Collected data ▸
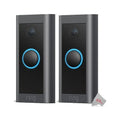 2x 1080p Wired  Video Doorbell Black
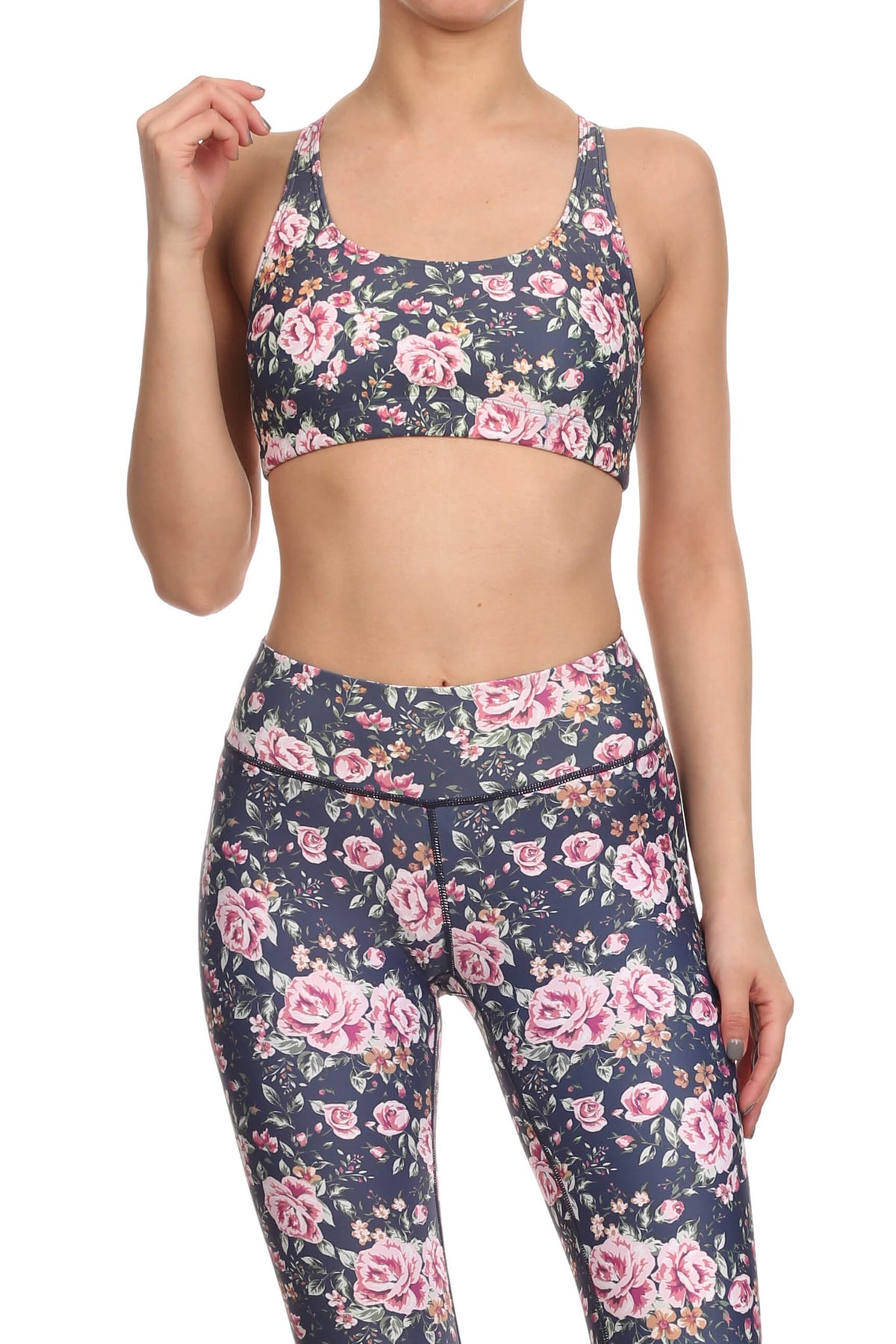 Vintage Floral Aurora Bra - Navy - POPRAGEOUS
 - 1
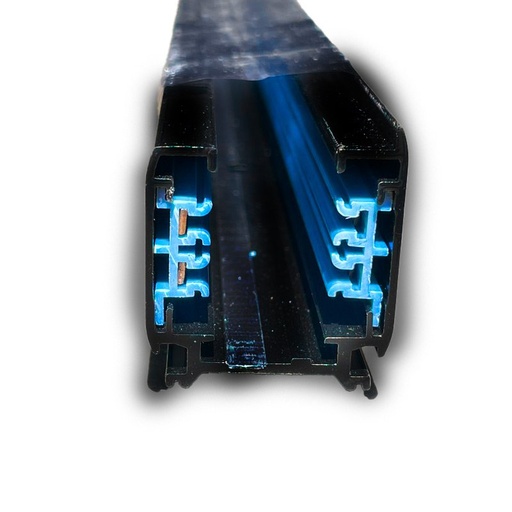 [CB40203] Solo Binario Guida Trifase Quadrato Da 3 Metri Colore Nero Per Controllare 3 Gruppi Di Fari Led Nella Stessa Barra Da Soffitto O A Sospensione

Problem statement ▸ Pictures aside, please output the whole listing exactly as it appears above.

Solution for this task ▸
 2x 1080p Wired  Video Doorbell Black
 Vintage Floral Aurora Bra - Navy - POPRAGEOUS
 - 1
 [CB40203] Solo Binario Guida Trifase Quadrato Da 3 Metri Colore Nero Per Controllare 3 Gruppi Di Fari Led Nella Stessa Barra Da Soffitto O A Sospensione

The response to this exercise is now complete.